Movie production is the process used to generate a movie database for playback and a feature database for movie retrieval. When new movies come, they will go through two processes. One is encoding process, where the movie content is encoded and converted to a bit-stream suitable for streaming. The other is a preprocessing step, where some semantic contents of the movie are extracted, such as keywords, movie category, scene change information, story units, important objects, and so on.


Another important module is the user account management, which consists of a user registration control and a user account information database. User registration provides an interface for new users to register and existing users to log on. User account information database saves all the user information, including credit card number, user account number, balance, and so on. This information is very important and must be secured against intrusion during both transmission and storage.


After movie encoding production, a movie database is available for customers to browse. However, if the database contains tens of thousands of movies, it is difficult to find a wanted movie. Therefore, a search engine is necessary for the efficiency of the system. The search can be based on movie title, movie features, and/or important objects. Movie title search is quite obvious and can be implemented easily. Movie feature search means searching the feature database to find movies with certain, fundamental features. The features may include color, texture, motion, shape, and so on. A third search criteria may be to find movies with certain important objects, such as featured performers, director or other criteria.


Once an end user selects a movie, the movie streaming and data communication module will be started. Streaming and data communication is a process to open a connection between the client and media server and send the compressed movie file to the client for playback. The file is in a format suitable for streaming. By using streaming, the client can start to play the movie after buffering a certain number of frames, which is much more user friendly than downloading and playing.


The next module is responsible for playing and controlling the movie. Movie playback will be performed while streaming continues. At the same time, another thread will be maintained for the control information from the customer. The control information includes play/stop/pause, fast forward/backward, and exit.


When a user chooses a movie to watch, the web server should activate the corresponding player, which will communicate with the media server for the specific movie. Some configuration is required to enable the web server to recognize appropriate file extensions and call the corresponding player.


The media server is of key importance within the system and its responsibilities include setting up connections with clients, transmitting data, and closing the connections with clients.


All movie files saved in the media server are in streaming format. The data communication between client and media server will use RTSP for control and RTP for actual data transmission. SDKs from Real Network are available to convert files coded for the present invention into the standard streaming format. At the decoder side, the same SDKs can be used to convert the streaming data into a multiplexed bit stream.

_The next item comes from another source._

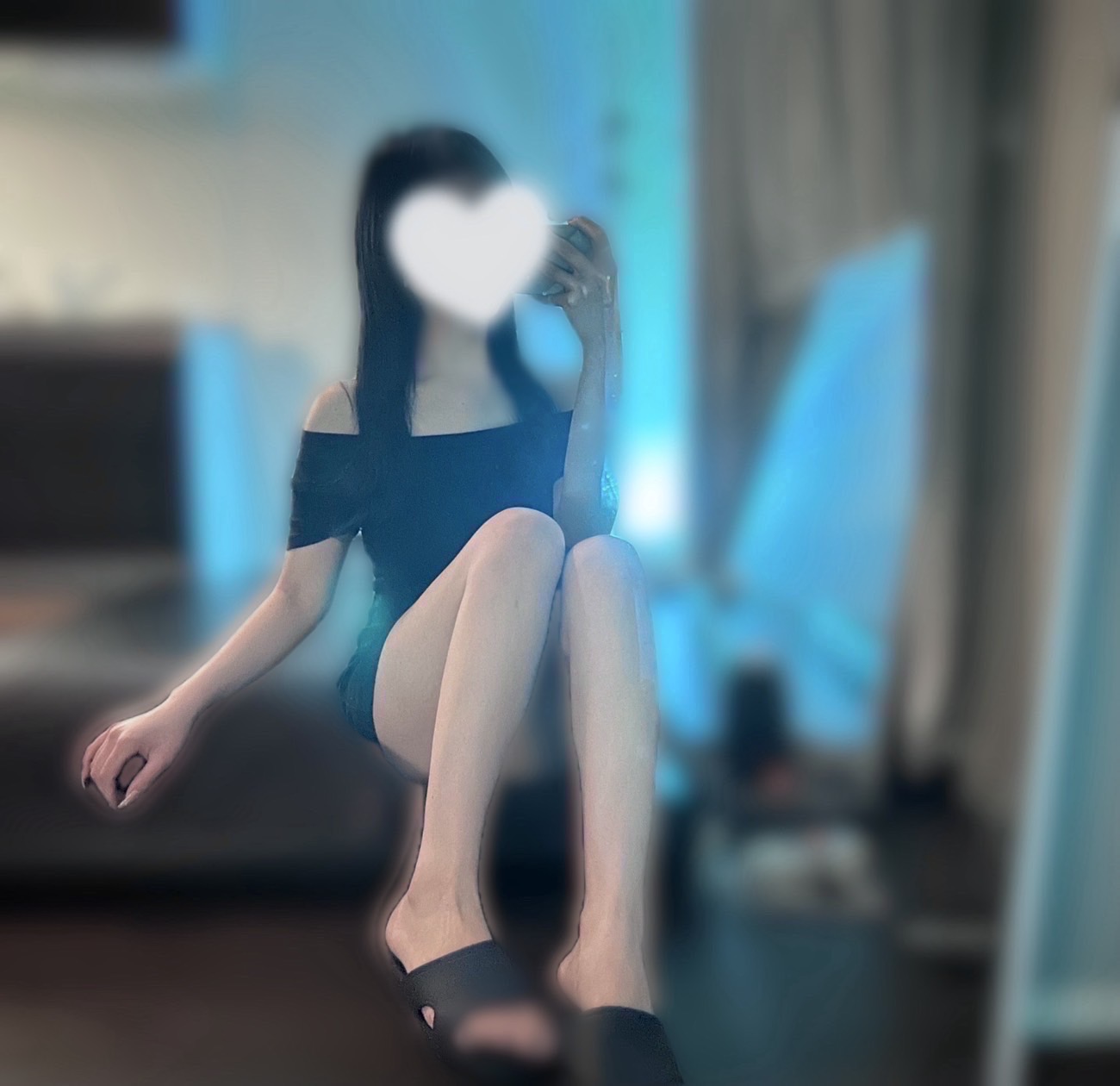 めぐ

Movie production is a procedure to create stream video files. The production process of the present invention includes a video coding and conversion process and a content extraction process. The first process encodes a raw movie and converts the encoded file into a format suitable for streaming. For video coding, the preferred embodiment of the present invention uses H.263+, for audio, MP3. The multiplexing scheme is from available MPEG standards. After encoding and multiplexing, the bit-stream is converted to a streaming format. The present invention may use some Real Producer SDKs to convert the bit-stream to a file in streaming format and the file is saved in a movie database.


The content extraction process starts with video segmentation, where the scene changes are detected and a long movie is cut into small pieces. Within each scene change, one or more key frames are extracted. Key frames can be organized to form a storyboard and can also be clustered into units of semantic meaning, which correspond to some stories in a movie. Visual features of the key frames are computed, such as color, texture, and shape. The motion and object information within each scene change can also be computed. All this information will be saved in a movie feature database for movie database indexing and retrieval.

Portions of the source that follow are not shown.